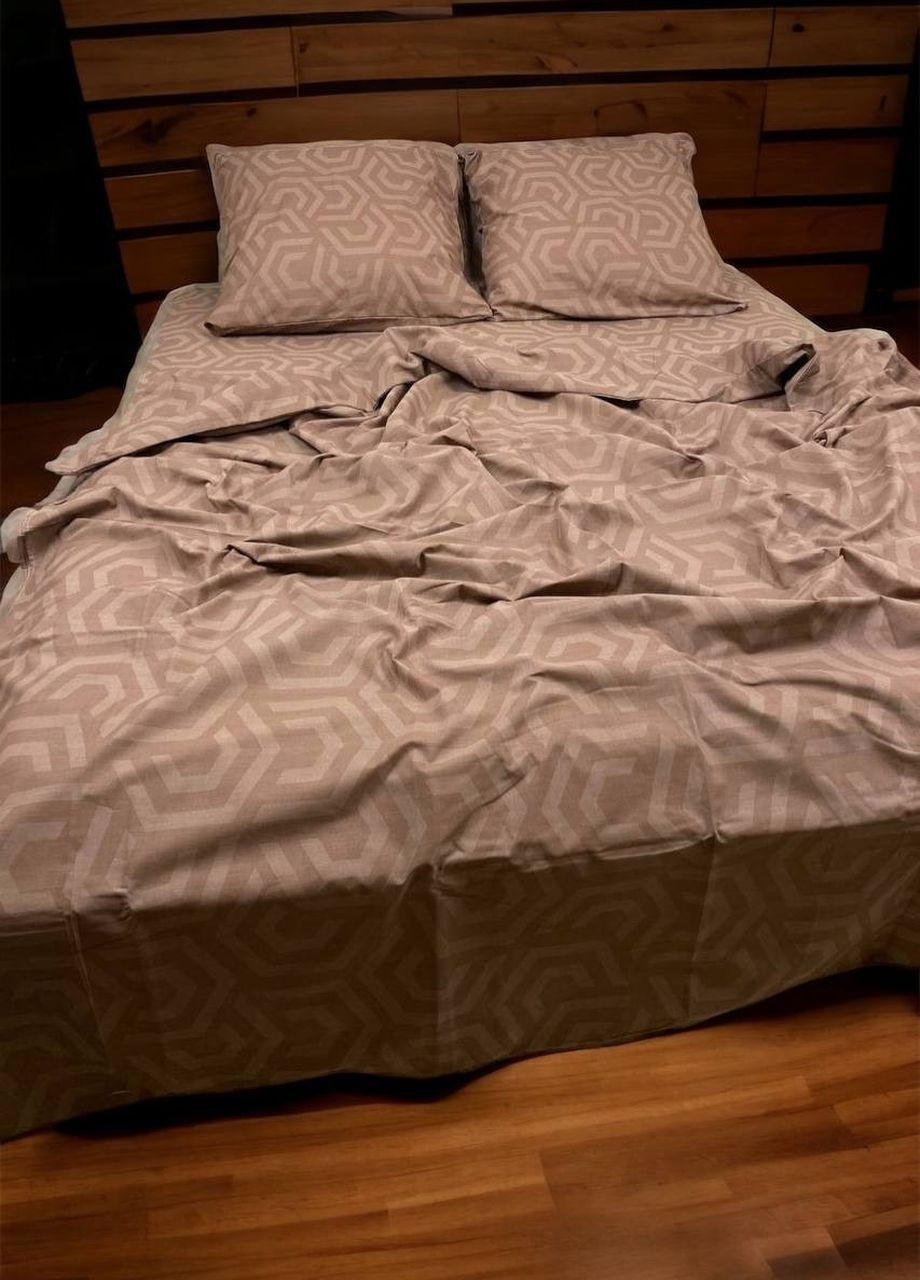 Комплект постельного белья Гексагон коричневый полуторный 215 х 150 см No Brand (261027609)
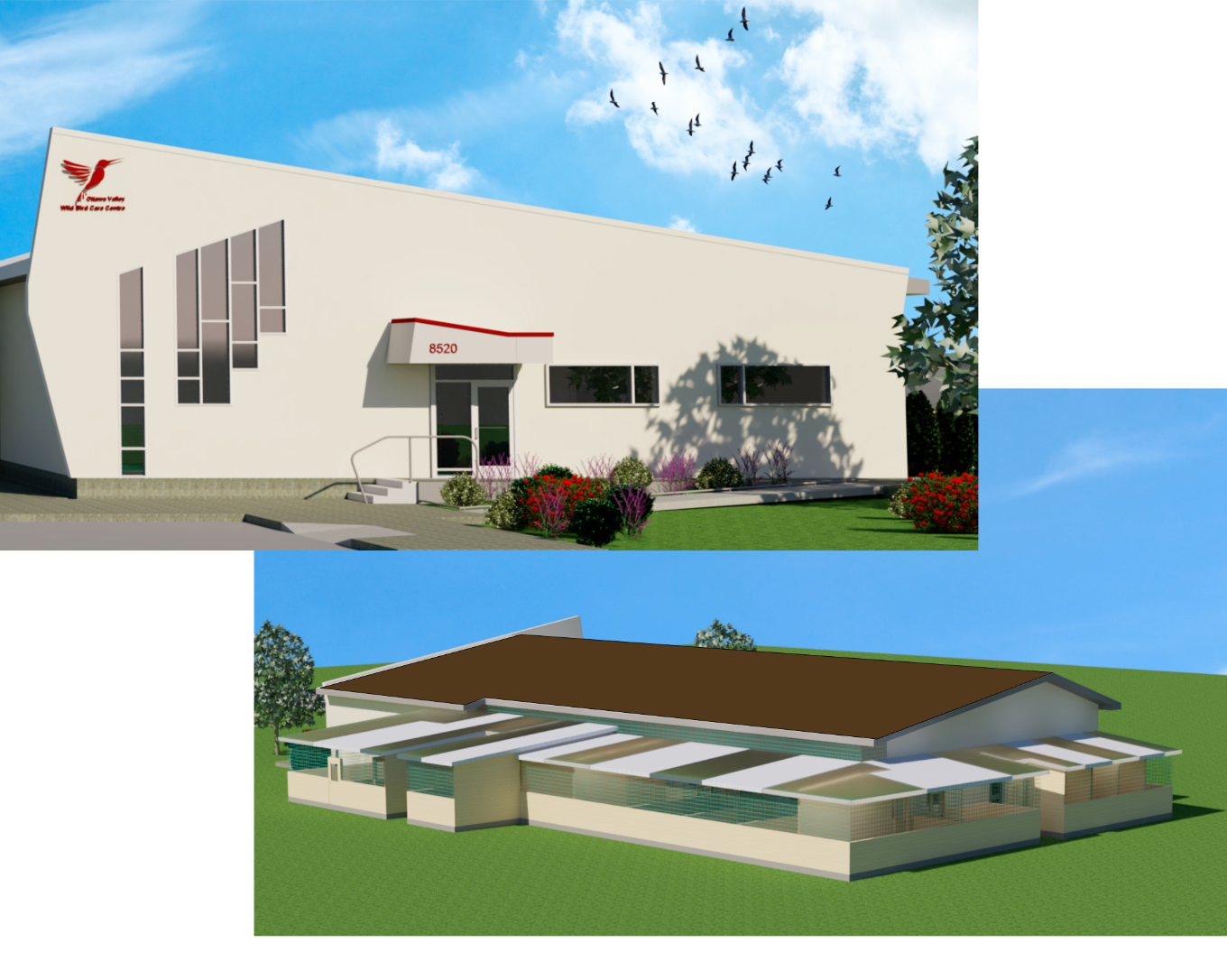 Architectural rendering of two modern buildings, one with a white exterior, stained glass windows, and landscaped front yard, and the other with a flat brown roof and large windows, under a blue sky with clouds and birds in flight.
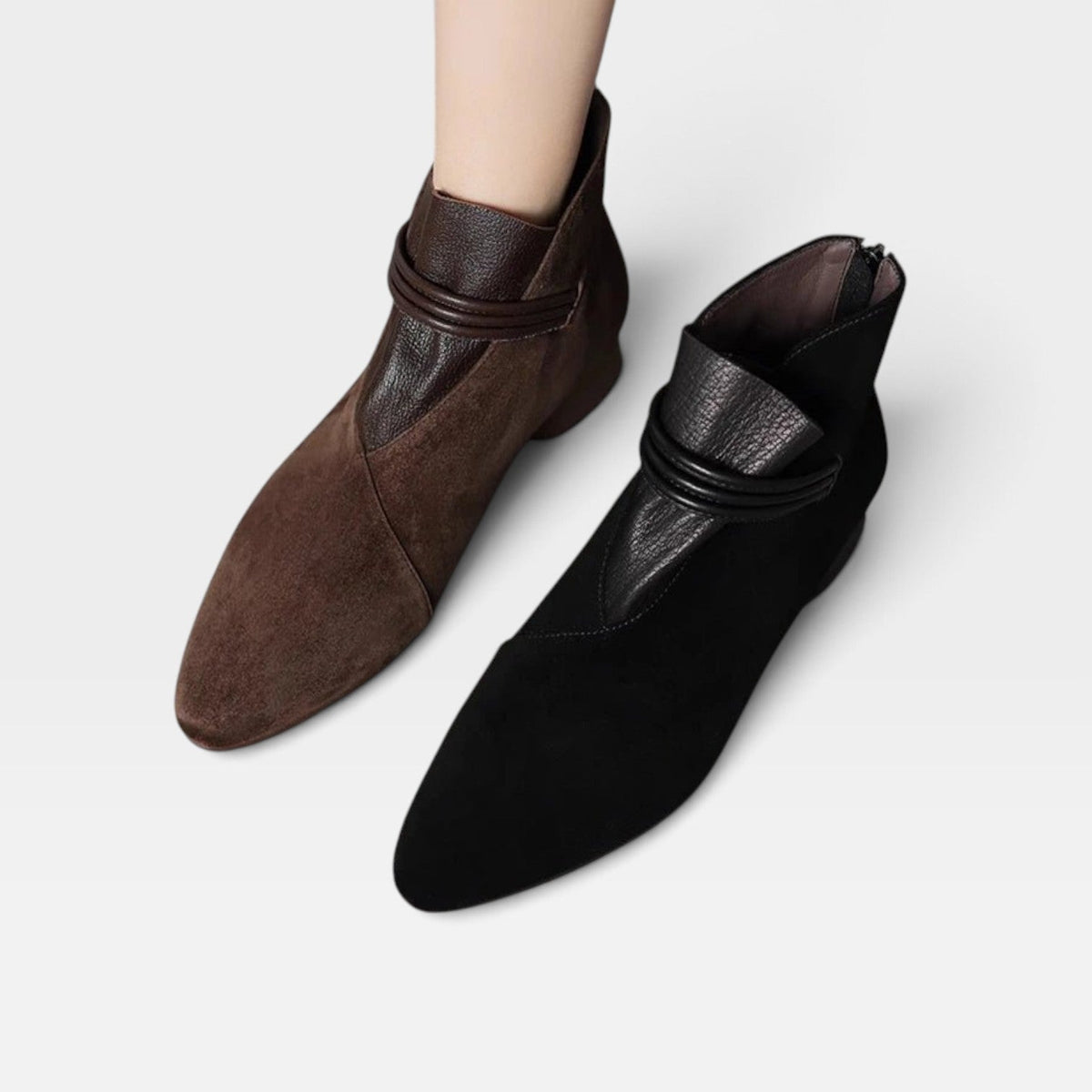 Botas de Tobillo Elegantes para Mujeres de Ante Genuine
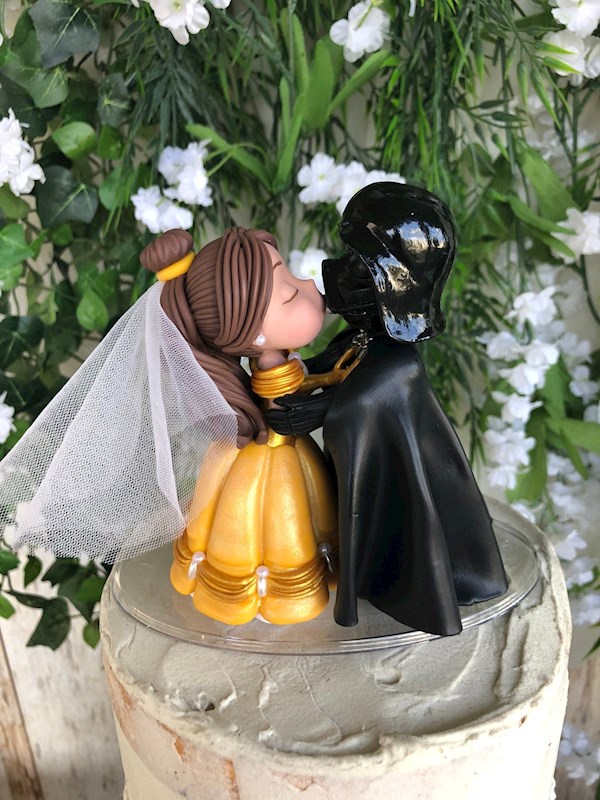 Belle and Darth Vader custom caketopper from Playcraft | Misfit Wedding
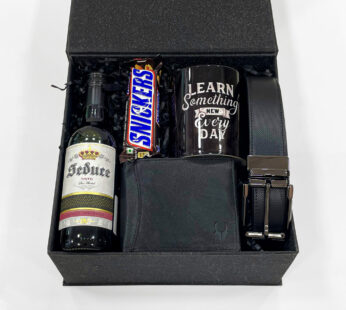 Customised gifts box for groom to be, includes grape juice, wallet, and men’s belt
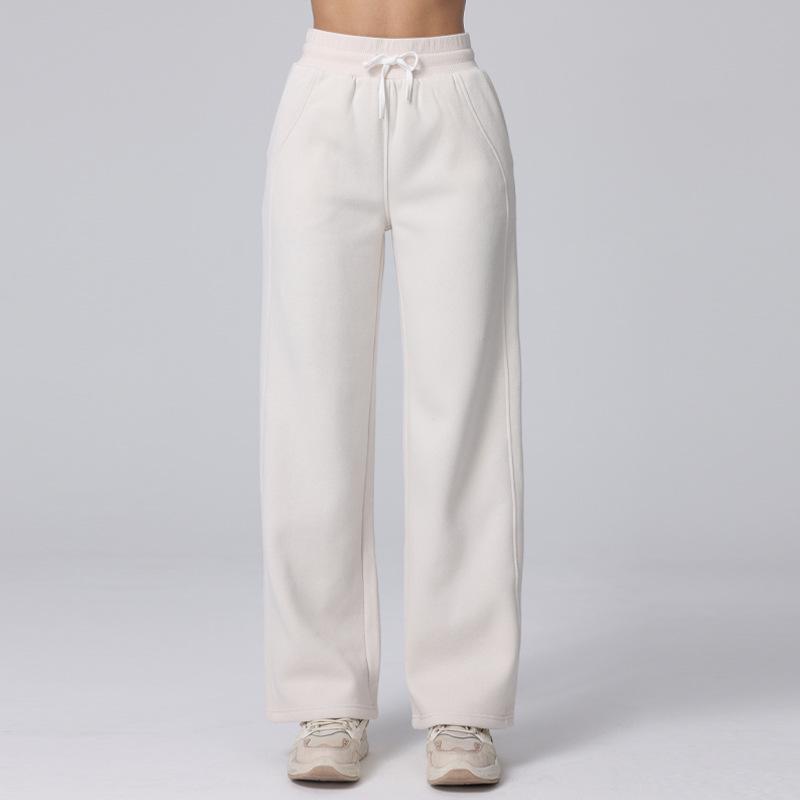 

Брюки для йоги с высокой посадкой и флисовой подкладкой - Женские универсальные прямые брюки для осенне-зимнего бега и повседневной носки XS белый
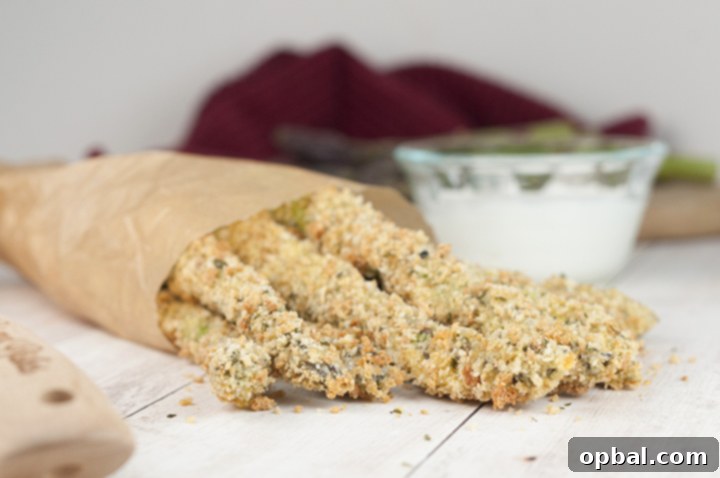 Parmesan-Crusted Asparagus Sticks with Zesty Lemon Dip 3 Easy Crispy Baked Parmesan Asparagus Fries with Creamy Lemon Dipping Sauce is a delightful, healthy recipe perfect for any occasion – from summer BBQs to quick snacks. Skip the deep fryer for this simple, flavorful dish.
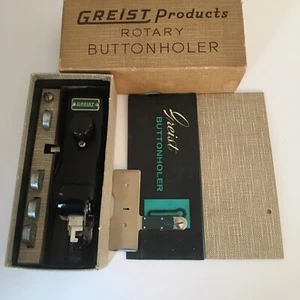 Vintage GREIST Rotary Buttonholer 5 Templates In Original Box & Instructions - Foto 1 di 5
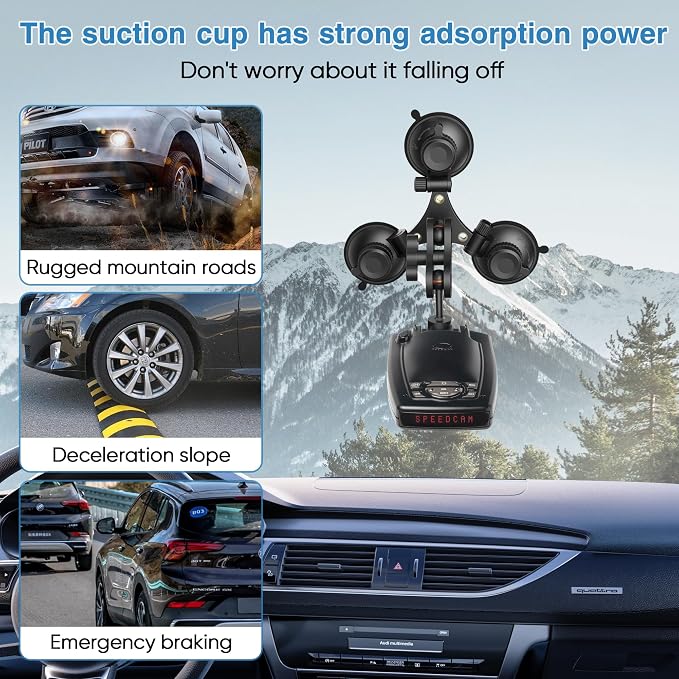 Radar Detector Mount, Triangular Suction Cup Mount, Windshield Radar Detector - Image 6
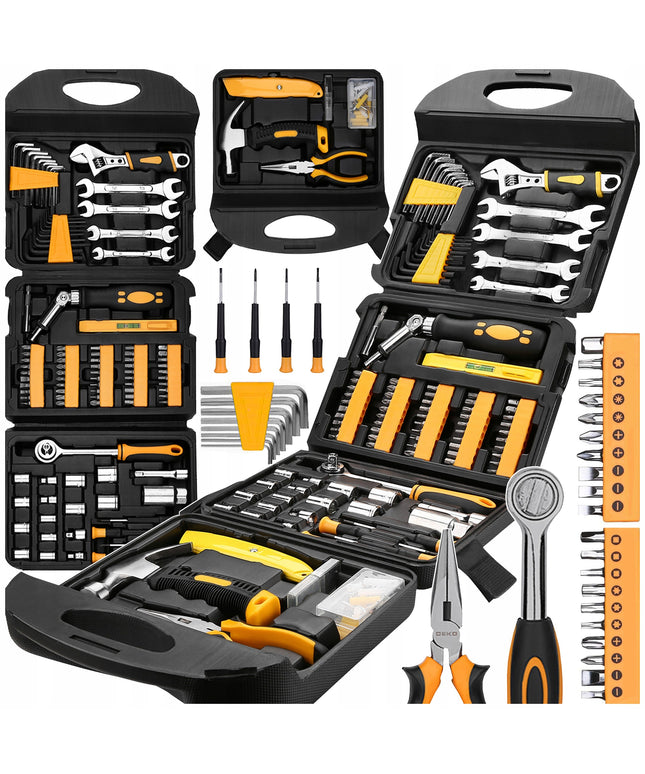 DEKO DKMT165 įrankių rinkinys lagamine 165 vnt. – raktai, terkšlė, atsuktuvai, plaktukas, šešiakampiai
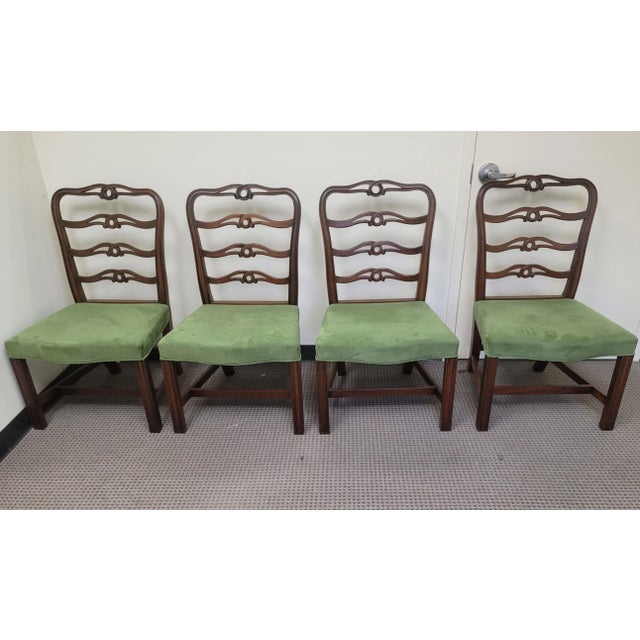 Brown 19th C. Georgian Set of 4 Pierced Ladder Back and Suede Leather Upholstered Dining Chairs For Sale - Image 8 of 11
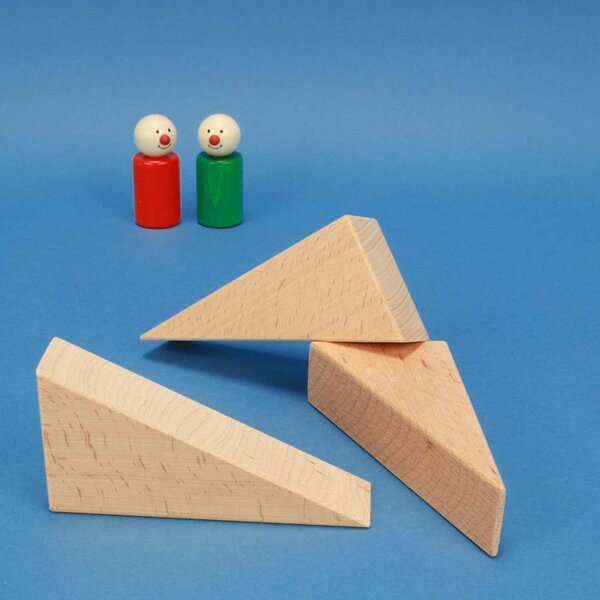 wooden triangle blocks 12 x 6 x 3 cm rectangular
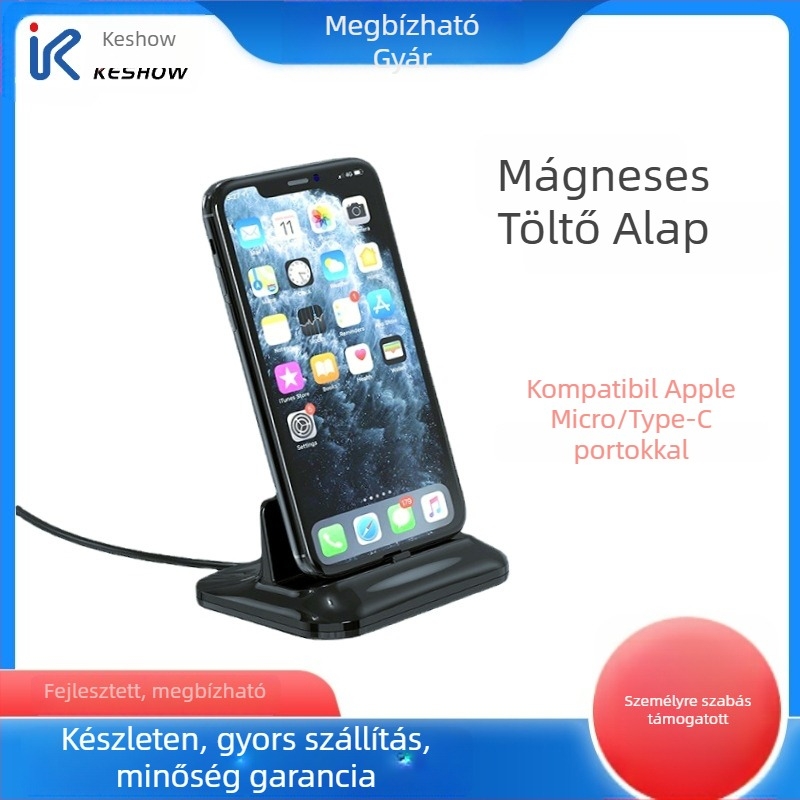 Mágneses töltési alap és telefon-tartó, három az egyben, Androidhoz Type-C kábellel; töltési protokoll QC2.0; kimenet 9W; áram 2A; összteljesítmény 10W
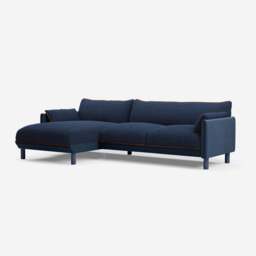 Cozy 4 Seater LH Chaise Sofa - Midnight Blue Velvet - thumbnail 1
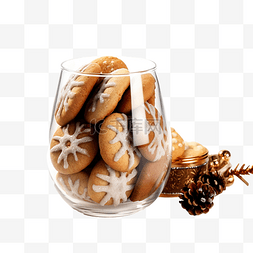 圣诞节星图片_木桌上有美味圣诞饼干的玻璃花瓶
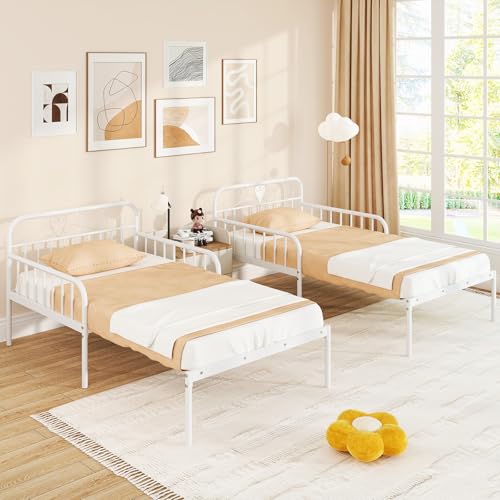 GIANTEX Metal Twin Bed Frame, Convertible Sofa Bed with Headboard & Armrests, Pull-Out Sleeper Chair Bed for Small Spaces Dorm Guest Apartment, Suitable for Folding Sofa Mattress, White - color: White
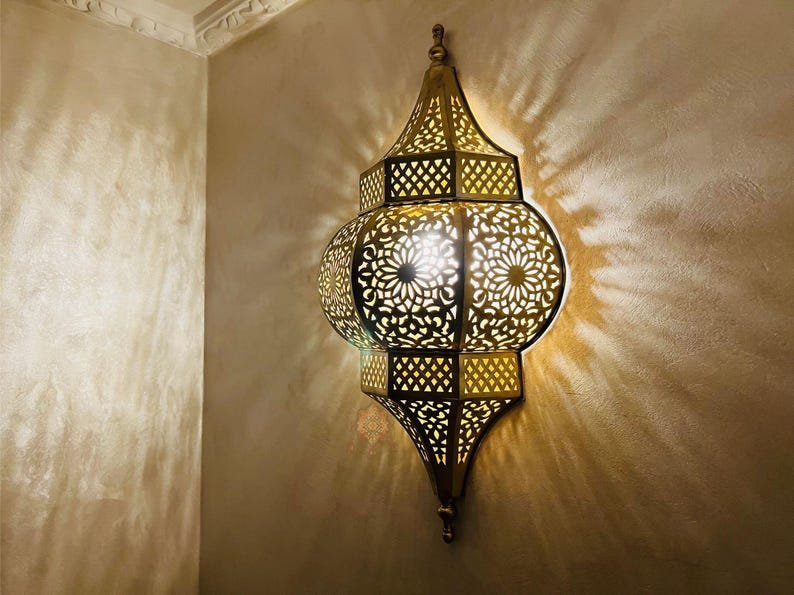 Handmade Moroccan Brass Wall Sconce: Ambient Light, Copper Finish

-=-=-=-=-

- WORK TO COMPLETE -
Starting at the line above that contains "Брюки для йоги", transcribe every line exactly through the line that contains "Parmesan-Crusted Asparagus Sticks", including that last one, and skip the pictures.

- SOLUTION TO THIS EXERCISE -
Брюки для йоги с высокой посадкой и флисовой подкладкой - Женские универсальные прямые брюки для осенне-зимнего бега и повседневной носки XS белый
 Parmesan-Crusted Asparagus Sticks with Zesty Lemon Dip 3 Easy Crispy Baked Parmesan Asparagus Fries with Creamy Lemon Dipping Sauce is a delightful, healthy recipe perfect for any occasion – from summer BBQs to quick snacks. Skip the deep fryer for this simple, flavorful dish.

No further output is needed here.